▶ _THE DATA_
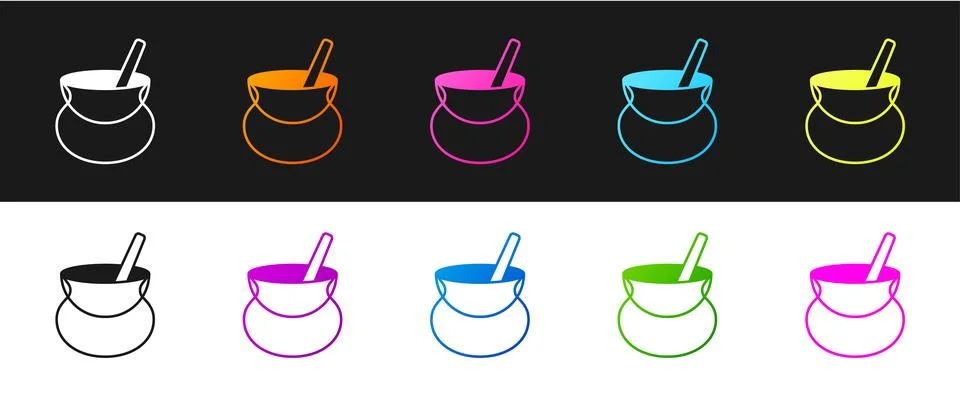 Set Witch cauldron icon isolated on black and white background. Happy Hallo.. Ilustração Stock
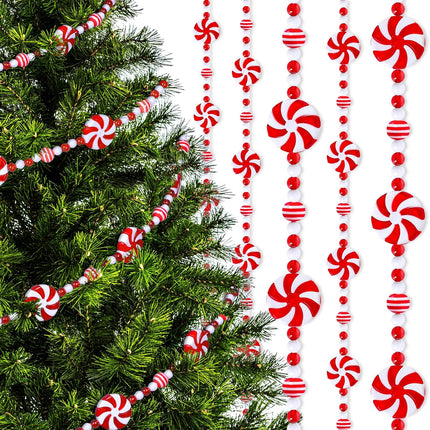 AnyDesign 9Ft Christmas Tree Candy Garland Fake Acrylic Peppermint Candy Christmas Garland Decoration Red White Candy Beaded wreath for Christmas Party Supplies Holiday Favors Xmas Home Decoration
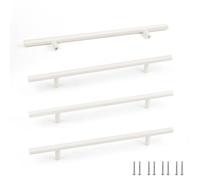 SPDYCESS 4 piezas Tiradores para Muebles de Cocina, Tiradores para Puertas, Cajones, Armarios, Cómodas, Decoración, Ø12mm, Distancia entre Agujeros 192mm, Blanco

▶ _EXERCISE AIM_
All of the listing should be transcribed exactly, but none of its images.

▶ _EXERCISE ANSWER_
 Set Witch cauldron icon isolated on black and white background. Happy Hallo.. Ilustração Stock
 AnyDesign 9Ft Christmas Tree Candy Garland Fake Acrylic Peppermint Candy Christmas Garland Decoration Red White Candy Beaded wreath for Christmas Party Supplies Holiday Favors Xmas Home Decoration
 SPDYCESS 4 piezas Tiradores para Muebles de Cocina, Tiradores para Puertas, Cajones, Armarios, Cómodas, Decoración, Ø12mm, Distancia entre Agujeros 192mm, Blanco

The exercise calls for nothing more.